[Material for this exercise]

Segment Open

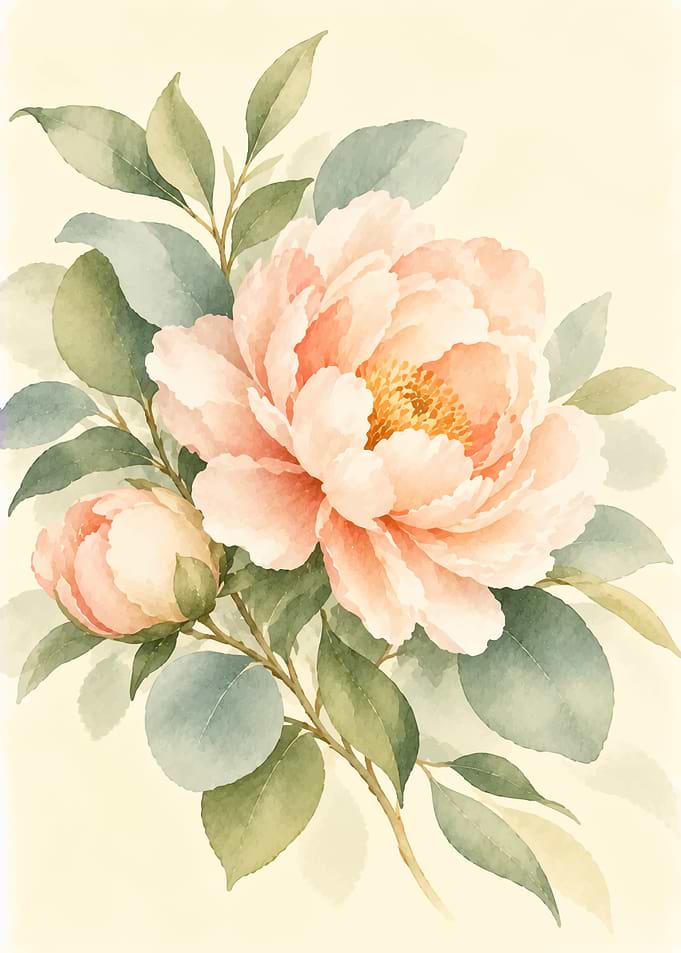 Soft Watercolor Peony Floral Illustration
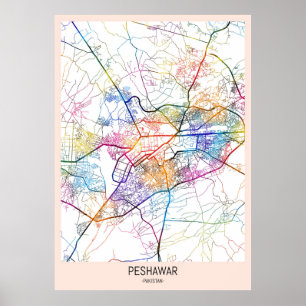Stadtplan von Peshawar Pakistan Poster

Segment Closed
Segment Open

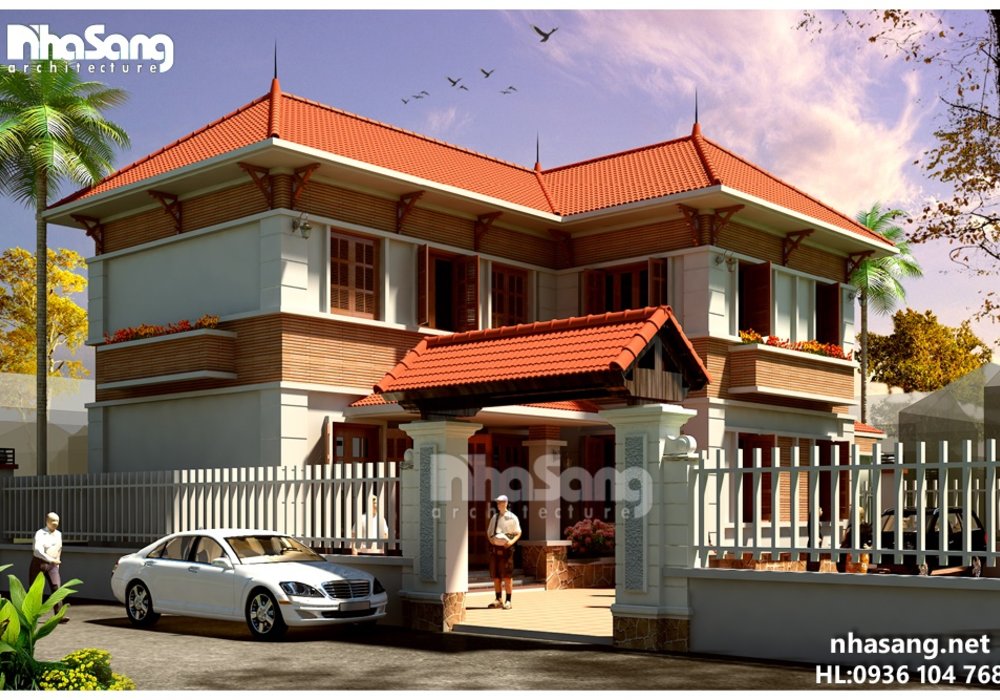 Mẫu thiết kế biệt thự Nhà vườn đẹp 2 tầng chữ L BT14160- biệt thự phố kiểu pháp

Segment Closed

[What needs to be done] Given the listing above, retype only the span of lines from the line with "Soft Watercolor Peony Floral Illustration" up to and including the line with "Stadtplan von Peshawar Pakistan Poster", exactly as it stands and without pictures.

[Answer to this task]
 Soft Watercolor Peony Floral Illustration
Stadtplan von Peshawar Pakistan Poster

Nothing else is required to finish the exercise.